Forrester is a three-term state Senator and also ran for governor last year. She spoke to NHPR’s Morning Edition heading into this weekend’s vote.
Last November’s election was good for Republicans when it comes to the Statehouse – first GOP governor elected in more than a decade, control of both chambers. But you also now have an entirely Democratic Congressional delegation. How do you translate the success you saw in state races to Congressional seats?
I think there was a great focus with the New Hampshire GOP mostly on state races. Going into the next election, 2018, we are going to actively pay attention to the federal races, and try to pick up at least one seat if not both seats. And that means finding good candidates. That means doing a lot of fundraising so that we can put those resources, both human and financial, towards the candidates who are going to run in those races.

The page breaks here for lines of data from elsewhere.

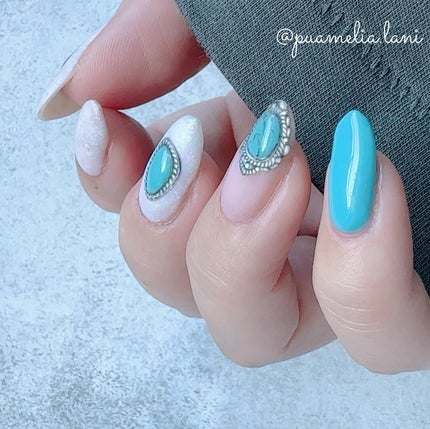 puamelia.lani×ネイル工房/ネイル工房/ジェルネイルを使ったクチコミ(2枚目)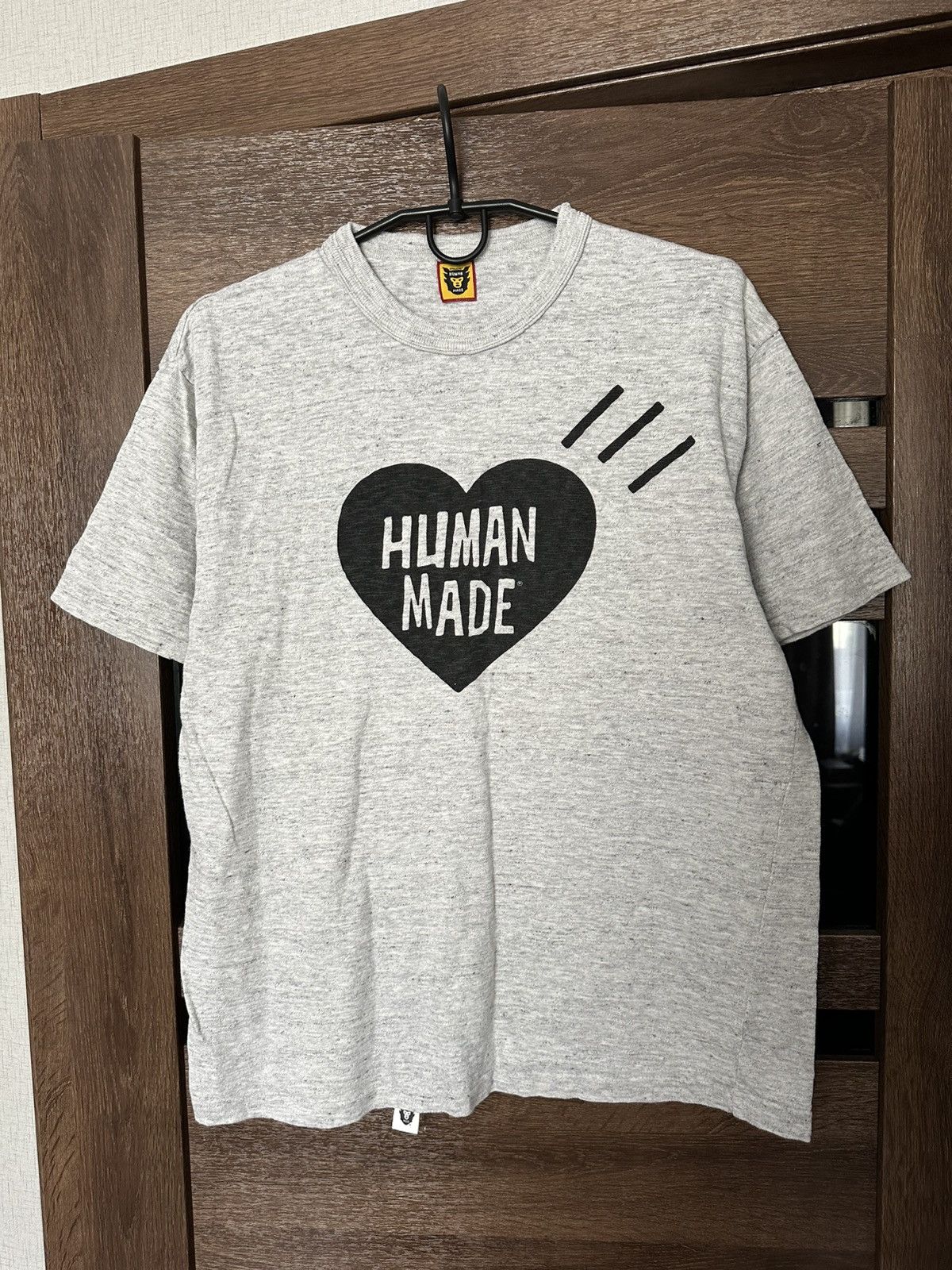 Human Made Human Made Logo Heart Japan T-Shirt Size US L / EU 52-54 / 3 - 3 Thumbnail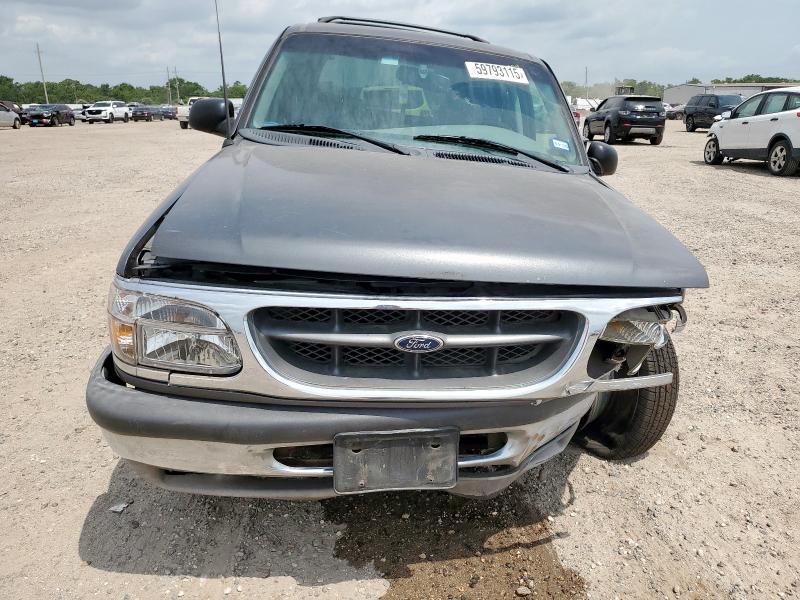 1FMZU32X3WZB87743 - 1998 FORD EXPLORER GRAY photo 5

The current chair Jennifer Horn faced backlash during the primary process when she publicly criticized some of Donald Trump’s comments. She called Trump’s proposal to ban all Muslims un-American, for example. Many in the party called on her to resign.
Was Jennifer Horn wrong to come out the way she did against some of Trump’s comments?
I’m not here to really comment on Jennifer Horn. I think for myself, as the party chair I’m going to support the platform, support Republicans here in the state of New Hampshire, and of course support our president. We’re not always going to agree on all things. I didn’t agree obviously in the gubernatorial race with some of the positions that now Governor Sununu took, or for that matter, the other two candidates. But we have to figure out how we come together, what are the things that we can agree upon and work together and move forward.
You’ve been endorsed by Governor Chris Sununu, but last year’s primary did expose some pretty clear differences between you and the governor.
For example, you were highly critical of his vote while on the Executive Council for a state contract with Planned Parenthood. As party chair, will you be willing to call out Sununu when you disagree with him?
Governor Sununu and I have discussed this because we do disagree on issues when it comes to life, when it comes to Northern Pass. When I accepted this idea of running for this position, our conversation was one that he acknowledged, we both acknowledged that we were going to disagree, and that I am going to support the party platform.
There are now calls from President Trump for an investigation into what he says has been widespread voter fraud. Governor Sununu has said he’s in favor of reviewing voter regulations here in the Granite State. Do you see this as an issue?
I think that’s a good thing. Whenever we can help address issues that are of concern – you know, voting is one of your most precious rights – and when there is a concern, even by minority; there have been some who said it’s just a minority group of people who are pushing this agenda, but if you look across the spectrum of things that have happened in this country and in this state, we are about helping those minorities have a voice and there is a concern about voter fraud here in the state of New Hampshire and across the country. What I’ve heard recently is that the president’s spokesman said they were going to look at a study to see if this is happening and I think that’s a good thing. Transparency, sunlight is good for everyone. And then that will instill trust that the system is working the way it should be working.
But is there any evidence of widespread voter fraud here in the Granite State? There have been a handful of cases over the years, but is there evidence of this?
I know the time I was in the Senate, there were situations where people were in the state voting that perhaps should not have been voting in the state. I can tell you during the campaign when I stood at the polls in the general election and seeing cars drive up with Massachusetts plates or other out-of-state plates voting, it causes concern. Maybe it’s nothing, I don’t know, but I believe it’s something we need to look into.
Looking ahead to this weekend, there’s a proposal to have the party chair be a paid position. Would you be in support of that?
I would be in support of that. I’ve said that I’m 100 percent committed to this position. My goal going into this is to really run this like a business. This is a business. We’re in the business of getting Republicans elected here in the state of New Hampshire and on a federal level. And certainly when you have a paid position, you can focus more time on that and view it as a business.